We explain some details of the lock-free queue in order to provide an intuition for the way the lock-free queue works. This could serve as a basis for a formal proof later if desired.
A crucial building block to design a lock-free queue for arbitrary types is the lock-free index queue which can only store integer-valued indices. We briefly describe the idea of the index queue.
In the following all numbers are natural numbers and hence bounded unsigned integers in the implementation.
The index queue has some capacity n and stores indices in the range [0, n[. The number n is also called cycle length.
Assume n = 4 in this explanation, so we can store the indices 0, 1, 2, 3.
Each index i corresponds to an equivalence class [i] modulo n, i.e. [i] = {j | j = c*n + i, c >= 0}
This means j = 3, 7, 11, ... all represent the same index 3 (pointing to the last element in the array)
Given j, we have i = j % n and c = j / n (where % is modulo and / integer division).
Another way to represent such a value j uniquely is as a pair (c,i) and we call this a cyclic index with cycle c and index i.
This is done for two reasons: detection of empty queues and to eliminate the ABA problem for all practical scenarios.
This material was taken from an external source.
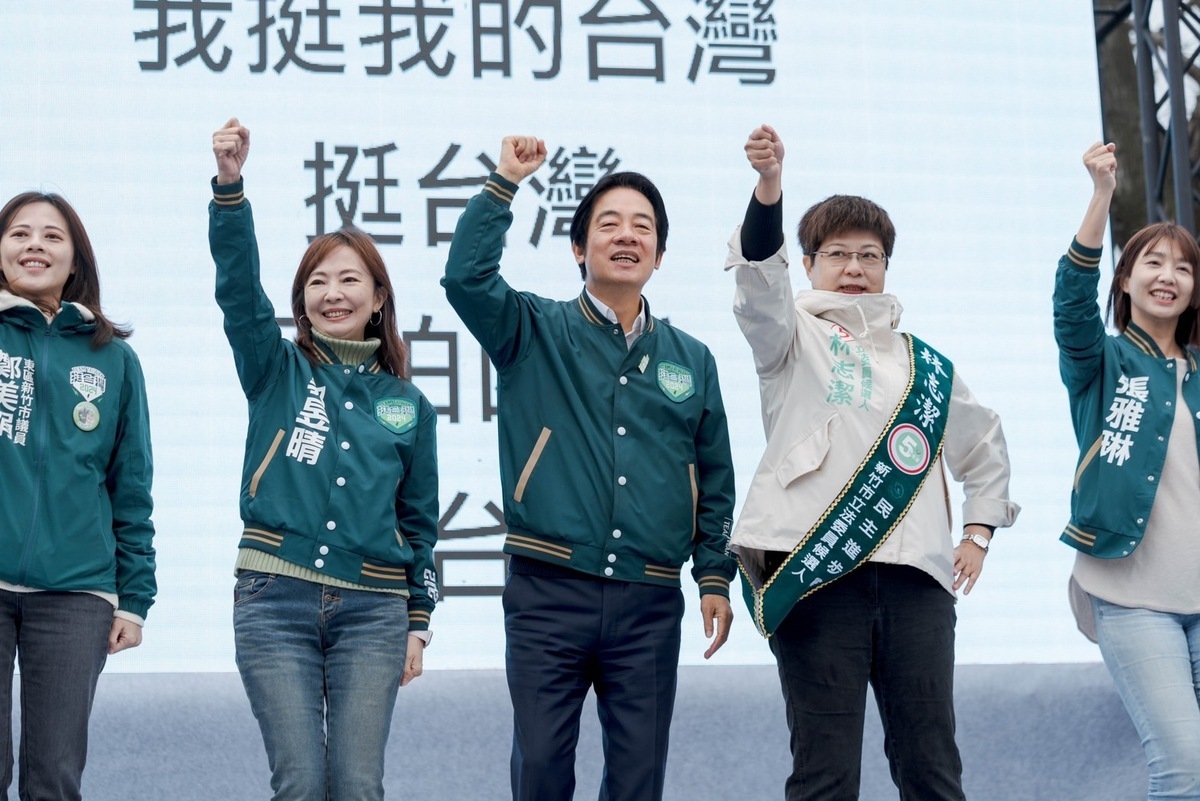 賴清德環島造勢抵達新竹市，在致詞時痛批新竹出生的柯文哲。 圖：賴清德競總提供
It is imperative that such indices can be used in compare and swap operations (CAS), i.e. will not exceed 64 bits on standard architectures supporting 64 bit CAS. Therefore j can be assumed to be an unsigned 64 bit integer.
The queue has a head H, tail T and an array of n values. All of them are cyclic indices as in 2. Initially the queue is empty and head and tail point to index 0 but have both cycle 1. Array elements are 0 and represented as (0,0).
Initially empty queue
[ (0,0), (0,0), (0,0), (0,0) ] H=(1,0) T=(1,0)
Initially full queue with all indices
[ (0,0), (0,1), (0,2), (0,3) ] H=(0,0) T=(1,0)
We always insert (push) at Tail and remove (pop) at Head. Head and Tail both increase strictly monotonic (making ABA problems unlikely). I.e. a push causes tail to increase by one (causing the cycle to increase after n pushes) and similarly each pop causes Head to increase by one.
push(y) causes the cycle at the position Tail points to to be replaced with Tails cycle while the element there is replaced with x via a CAS operation. Afterwards Tail is increased by 1 (potentially not immediately, but before the next push takes effect).
[ (c,?), (c,x), (c-1,?), (c-1,?) ] H=(c,1) T=(c,2)
push(y)
[ (c,?), (c,x), (c,y), (c-1,?) ] H=(c,1) T=(c,3)
We only push if the cycle at the element Tail points to is exactly one behind Tails cycle.
Constraint: we can never push more than n elements (and our use case does not require this).
Pop reads the value at the index of head and returns it if the cycle matches Heads cycle and a CAS to increase head by 1 succeeds.
[ (c,?), (c,y), (c,x), (c-1,?) ] H=(c,1) T=(c,3)
pop returns y
[ (c,?), (c,x), (c,y), (c-1,?) ] H=(c,2) T=(c,3)
If the cycle is behind Heads cycle the queue is empty (at the time of this check) and nothing is returned.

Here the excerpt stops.